=== EXTRACTED MATERIAL ===
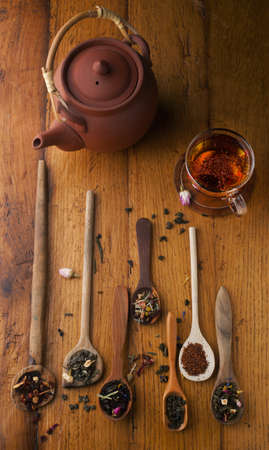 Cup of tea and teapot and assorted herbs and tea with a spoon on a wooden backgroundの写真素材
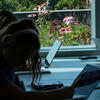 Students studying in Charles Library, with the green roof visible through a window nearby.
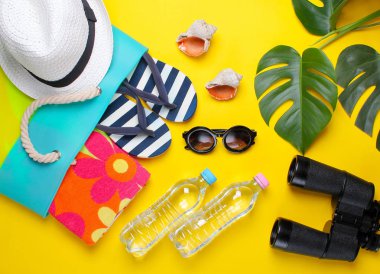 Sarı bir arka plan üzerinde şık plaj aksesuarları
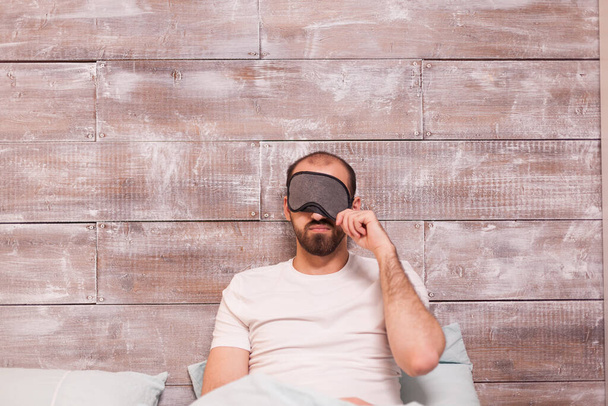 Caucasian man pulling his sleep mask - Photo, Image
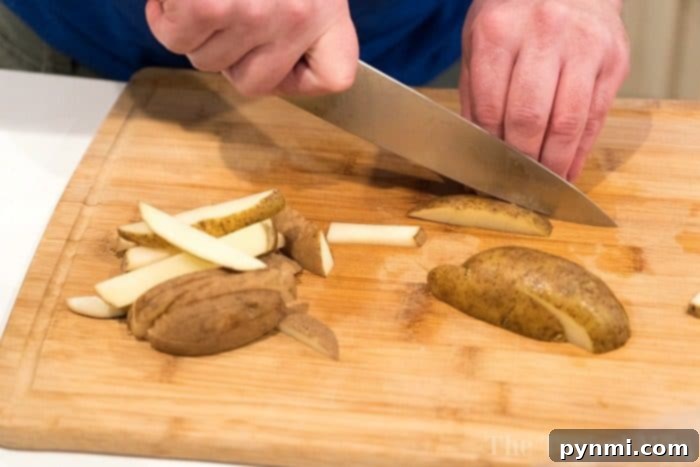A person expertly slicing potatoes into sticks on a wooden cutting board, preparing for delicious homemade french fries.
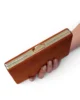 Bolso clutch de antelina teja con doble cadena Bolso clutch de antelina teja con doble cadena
===
=== EXERCISE DETAILS ===
Your task is to write out, exactly and without pictures, only the lines from the one holding "Students studying in" to the last line of the data.

=== EXPECTED ANSWER ===
 Students studying in Charles Library, with the green roof visible through a window nearby.
 Sarı bir arka plan üzerinde şık plaj aksesuarları
 Caucasian man pulling his sleep mask - Photo, Image
A person expertly slicing potatoes into sticks on a wooden cutting board, preparing for delicious homemade french fries.
 Bolso clutch de antelina teja con doble cadena Bolso clutch de antelina teja con doble cadena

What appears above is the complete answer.